EXERCISE INSTRUCTIONS: With the pictures left out, print exactly the lines below that run from the one containing "Ecuadorean presidential candidate" through the one containing "Uniqlo Cashmere Sweater".

DATASET RECORDS:

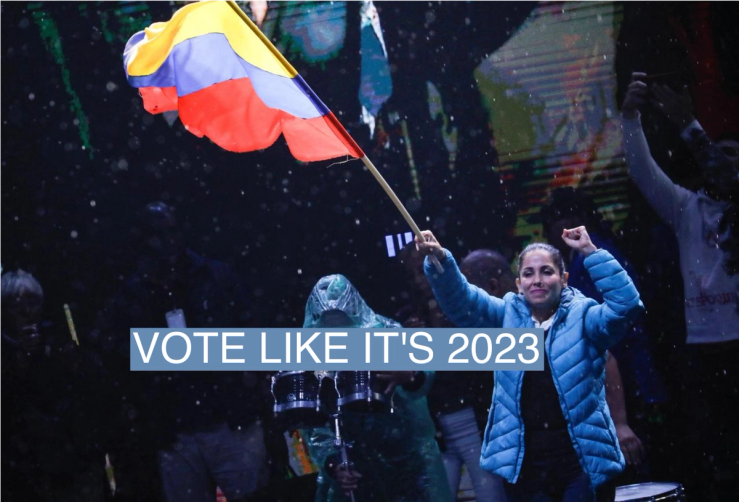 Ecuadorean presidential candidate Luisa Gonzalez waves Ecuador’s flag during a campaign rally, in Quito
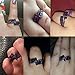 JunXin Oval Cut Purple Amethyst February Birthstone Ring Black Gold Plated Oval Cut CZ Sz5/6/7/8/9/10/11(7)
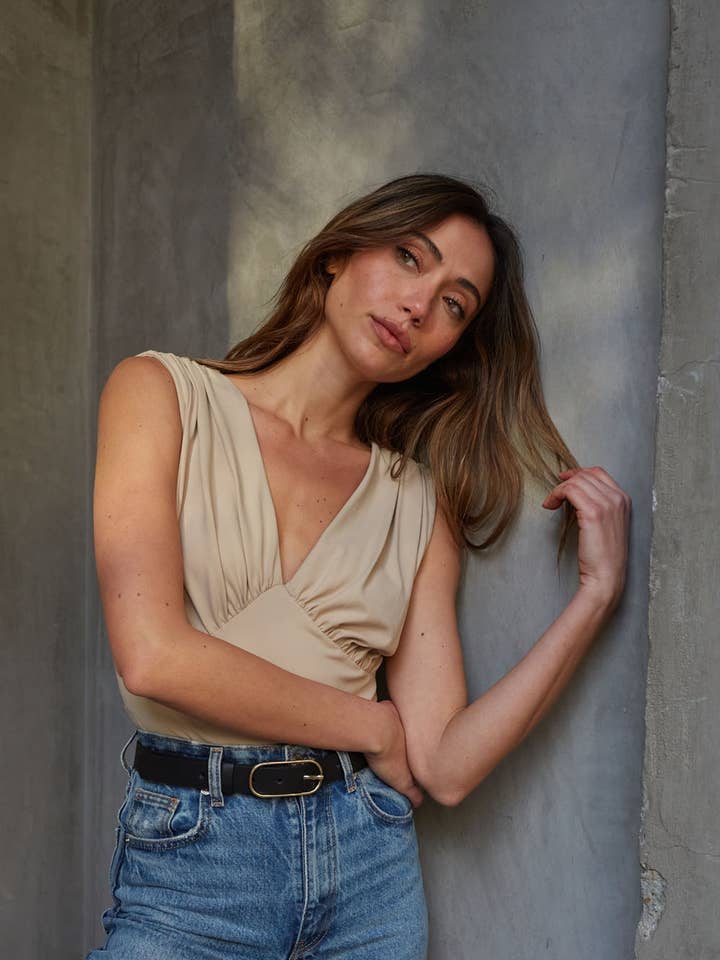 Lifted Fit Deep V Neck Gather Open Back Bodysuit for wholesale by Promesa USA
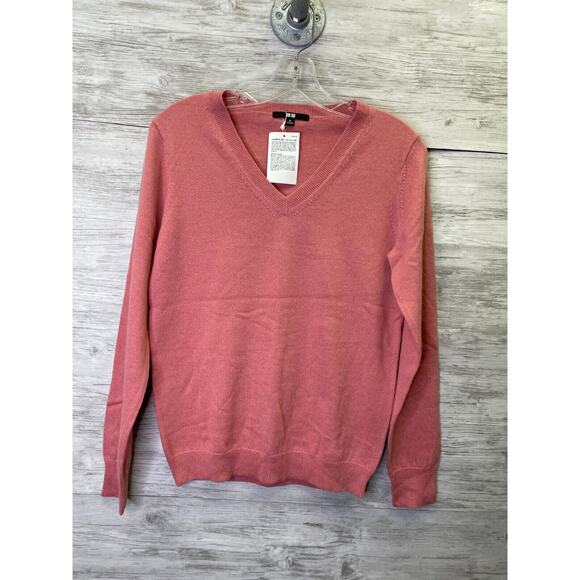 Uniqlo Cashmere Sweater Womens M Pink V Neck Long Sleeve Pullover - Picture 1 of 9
...
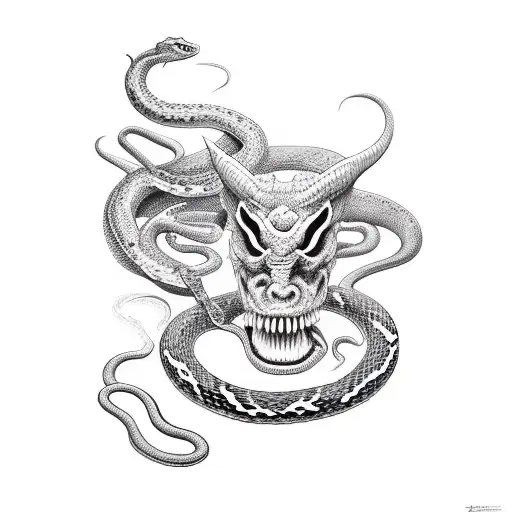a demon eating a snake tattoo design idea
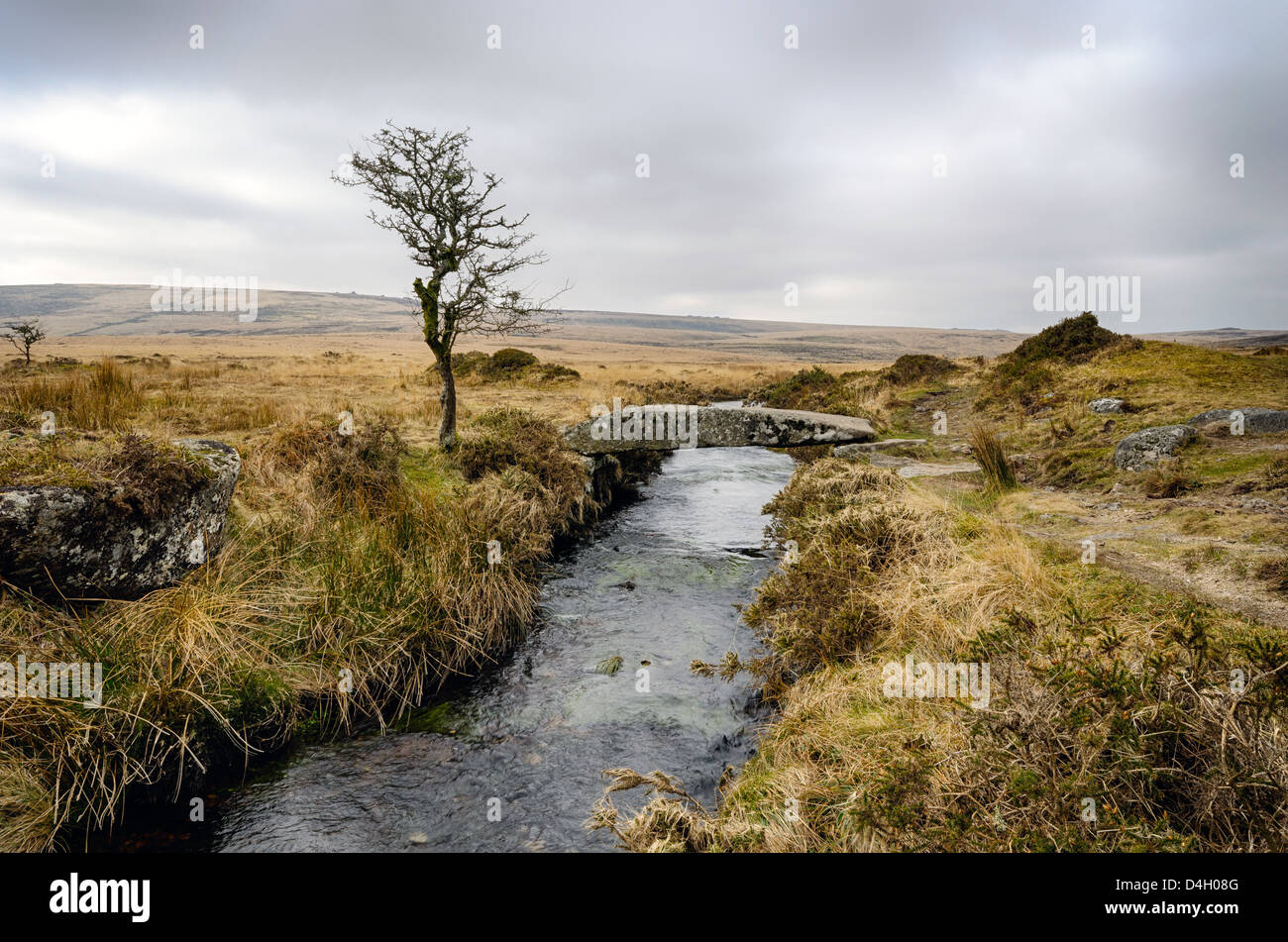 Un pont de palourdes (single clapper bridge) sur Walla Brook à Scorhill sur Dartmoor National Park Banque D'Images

PROBLEM SOLUTION:
 Ecuadorean presidential candidate Luisa Gonzalez waves Ecuador’s flag during a campaign rally, in Quito
 JunXin Oval Cut Purple Amethyst February Birthstone Ring Black Gold Plated Oval Cut CZ Sz5/6/7/8/9/10/11(7)
 Lifted Fit Deep V Neck Gather Open Back Bodysuit for wholesale by Promesa USA
 Uniqlo Cashmere Sweater Womens M Pink V Neck Long Sleeve Pullover - Picture 1 of 9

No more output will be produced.